We had to run across the street from our newsroom, dodging cars on Melrose Avenue, to the studio to do the news.
— María Elena Salinas, who joined the KMEX news staff in 1981

By 1990, KMEX began to beat the English-language news outlets in certain demographics in news ratings, first 18–34 and then 18–34, 18–49 and 25–54 by 1996. The latter accomplishment led to coverage from channel 34's English-language competitors. By 2005, what had been an achievement had become routine: a 2005 Univision press release trumpeted twelve straight years of ratings wins in the 18–34 and 18–49 segments for KMEX's 6 pm news.

After a two-decade absence from morning news—having canceled a previous effort in the late 1970s to air network programming—KMEX returned to airing morning news with an hour-long program, Primera Edición, in January 1999. This was the first hour-long morning newscast produced by a Spanish-language TV station in the United States. After just a year, the program was expanded to two hours, and the Univision stations in Miami and New York had followed suit and started their own morning newscasts.

The 2000s brought increased national recognition of KMEX's work.
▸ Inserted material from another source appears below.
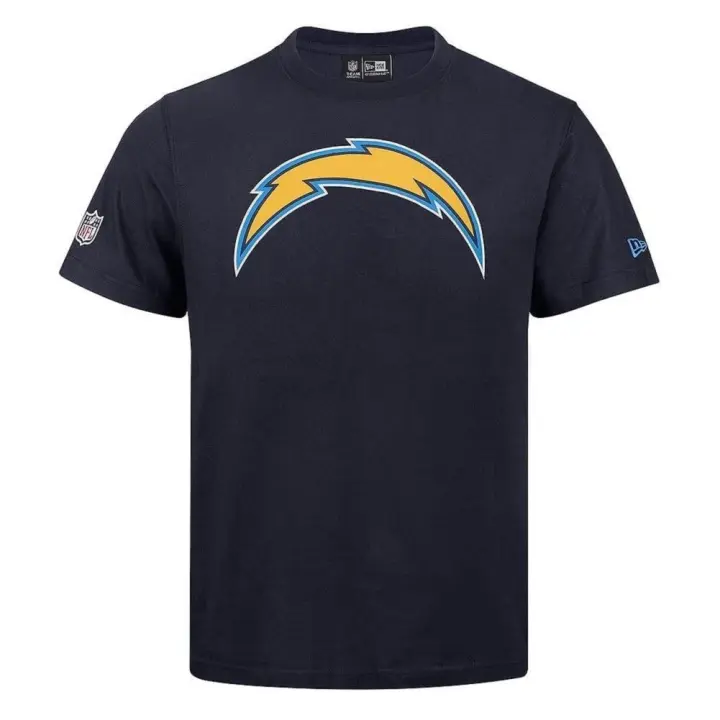 NOS NFL REGULAR TEE LOSCHA OSB: Camiseta NFL Regular Los Angeles Chargers, en color oscuro. Perfecta para los fanáticos que buscan una camiseta deportiva y cómoda. ✅ Entrega 24/72h a España (península) - 1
In 2002, the Columbia Journalism Review graded the local newscasts in Los Angeles and gave KMEX the highest rating of any station in any language. A news feature, El 15% de los Estados Unidos, which reported about the impact of Latinos on the United States, won KMEX its second Peabody Award in 2005. In 2008, The Washington Post compared Southern California's English-language newscasts with KMEX's Spanish newscasts and concluded that "the sharpest coverage of state and local issues—government, politics, immigration, labor, economics, health care—is now found on Spanish-language TV", though it noted the criticism that KMEX's "advocacy journalism" style sometimes went a step too far on issues like immigration. News director Jorge Mettey, who led the KMEX-TV newsroom for five years, was fired in 2007 for allegedly breaching ethics policies; Mettey sued the next year and claimed that Univision executives had a hand in shaping news coverage with the goal of increasing advertising revenues.
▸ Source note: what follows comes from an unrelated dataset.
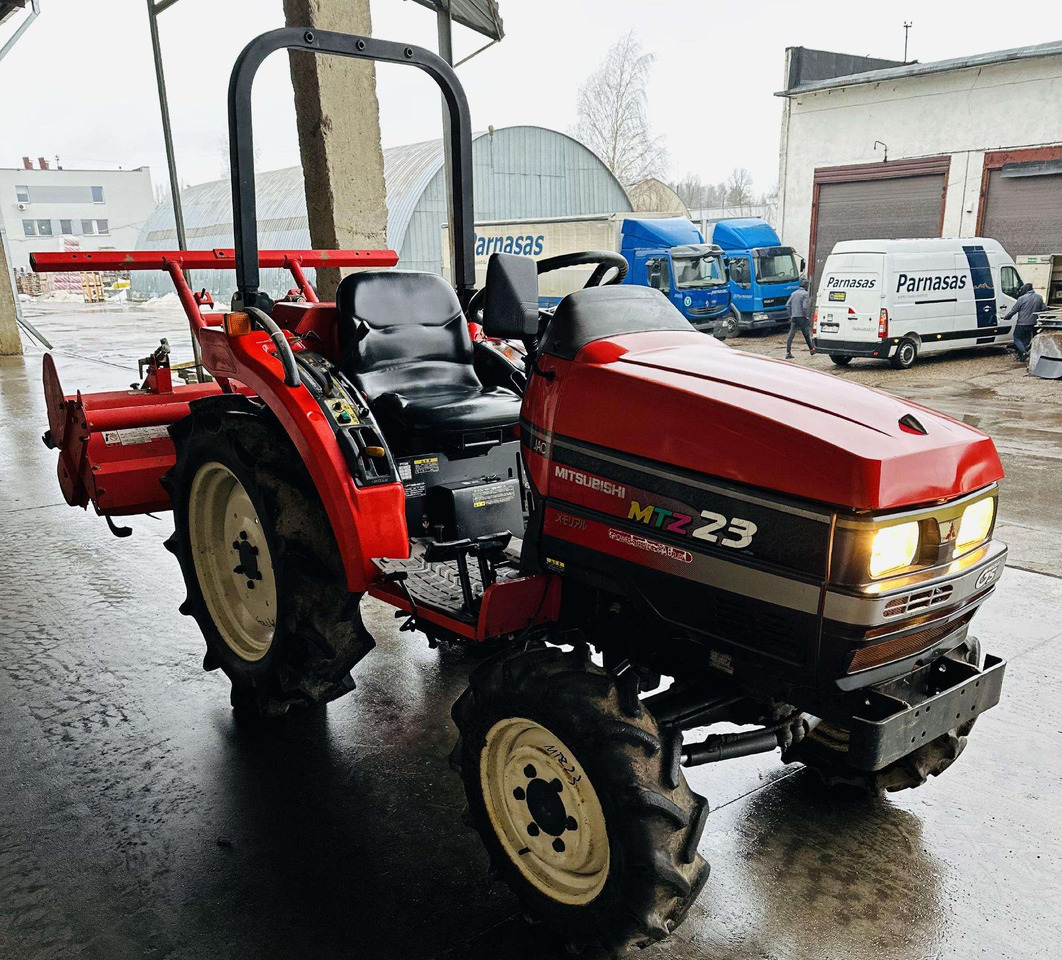 Mitsubishi MTZ23 - Traktor: slika Mitsubishi MTZ23 - Traktor Mitsubishi MTZ23 - Traktor: slika Mitsubishi MTZ23 - Traktor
An increased investment by local news at Telemundo in the 2010s gave channel 34 a challenge. For the first time since 1987, KVEA beat out KMEX among viewers 18–49 in 2014. In June 2015, KMEX reformatted its morning newscast as A Primera Hora in order to target a younger audience. In April 2017, Univision launched Edición Digital California, a midday newscast aired on all of its stations in California.

===Sports programming===
In 2016, Univision announced a three-year deal to broadcast Spanish-language Los Angeles Rams programming, including preseason games and studio programs; this was the first time that Univision had ever entered into a media rights deal involving the National Football League. Programming aired on KMEX and KFTR and in the Bakersfield area on KABE-CD and KBTF-CD. In the last year of the agreement, only KFTR aired games.
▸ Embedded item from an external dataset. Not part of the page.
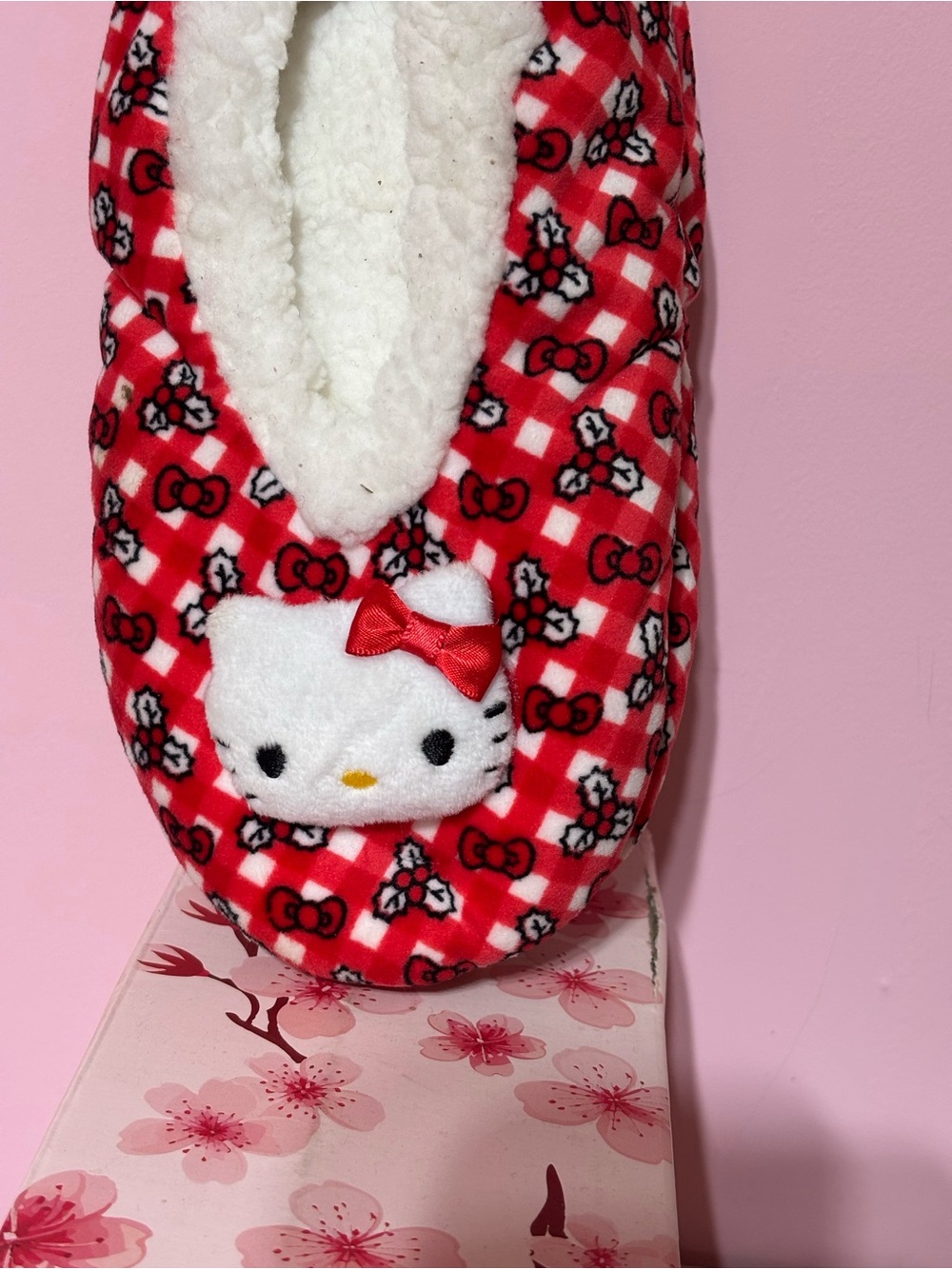Hello Kitty Slippers - Picture 2 of 3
===Notable former on-air staff===
- León Krauze – news anchor, 2012–2022
- Raul Peimbert – weeknight anchor, 2005–2011
- Jorge Ramos – reporter and host of Mundo Latino
- María Elena Salinas – news anchor and reporter, 1981–1987

==Technical information==

===Subchannels===
KMEX broadcasts six subchannels of programming, including the main Univision feed, from its transmitter atop Mount Wilson.

Subchannels of KMEX-DT
| Subchannel | Res.Tooltip Display resolution | Short name | Programming |
| 34.1 | 720p | KMEX-DT | Univision |
| 34.2 | 480i | UNM-HD | UniMás (KFTR-DT) in SD |
| 34.3 | MVSGLD | MovieSphere Gold |
| 34.4 | CRIME | True Crime Network |
| 34.5 | STVUSA | Super TV (Mandarin) (4:3) |
| 34.6 | BT2 | Infomercials |

===Analog-to-digital conversion===
KMEX-TV shut down its analog signal, over UHF channel 34, at 11:59 p.m. on June 12, 2009, as part of the federally mandated transition from analog to digital television. The station's digital signal relocated from its pre-transition UHF channel 35 to channel 34.